Note: Source—R.R. 4:82–1, 4:82–2. Paragraph (b) amended July 14, 1972 to be effective September 5, 1972; paragraphs (a) and (b) amended November 27, 1974 to be effective April 1, 1975; paragraph (a) amended July 16, 1979 to be effective September 10, 1979; paragraph (c) adopted November 1, 1985 to be effective January 2, 1986; caption amended, paragraphs (a) and (b) caption and text amended, former paragraph (c) redesignated paragraph (e), and paragraphs (c), (d) and (f) adopted November 7, 1988 to be effective January 2, 1989; paragraphs (b) and (c) amended and paragraph (g) adopted July 14, 1992 to be effective September 1, 1992; paragraphs (e) and (f) amended July 13, 1994 to be effective September 1, 1994; paragraph (b) amended July 5, 2000 to be effective September 5, 2000.

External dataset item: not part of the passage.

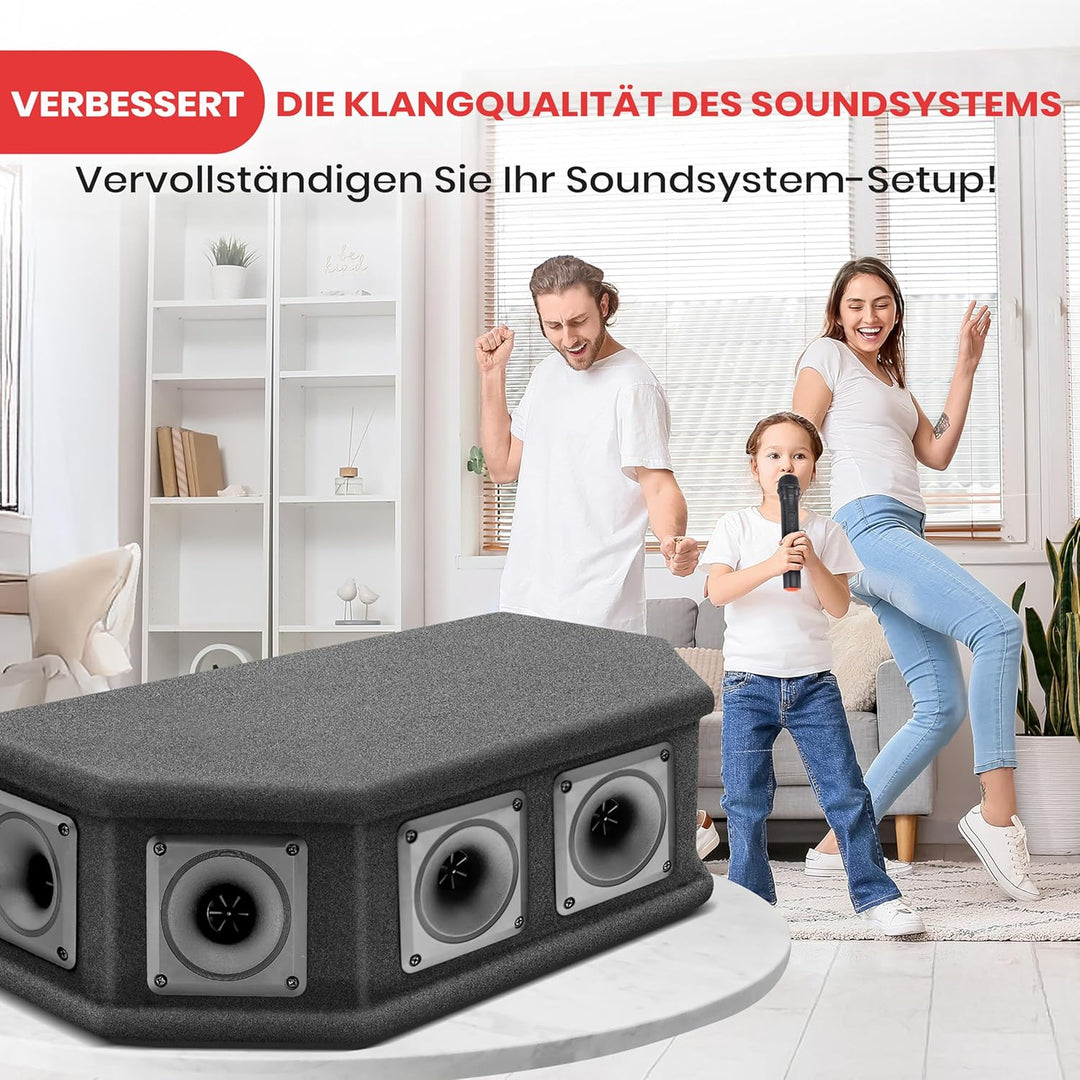 PylePro 300 Watt DJ Lautsprecher Boxen, Party Lautsprecher Passiv Robuste PA Box als Musikanlage 6-W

4:69-4.Filing and Management of Actions in Lieu of Prerogative Writs

The filing of the complaint shall be accompanied by a certification that all necessary transcripts of local agency proceedings in the cause have been ordered. All actions in lieu of prerogative writs will be assigned to Track IV. Within 30 days after joinder and in order to expedite the disposition of the action the managing judge shall conduct a conference, in person or by telephone, with all parties to determine the factual and legal disputes, to mark exhibits and to establish a briefing schedule and, if necessary, a discovery schedule. At least five days in advance of the conference, each party shall submit to the managing judge a statement of factual and legal issues and an exhibit list.

Note: Source—R.R. 4:88-13. Deleted November 27, 1974 to be effective April 1, 1975; new caption and rule adopted July 5, 2000 to be effective September 5, 2000.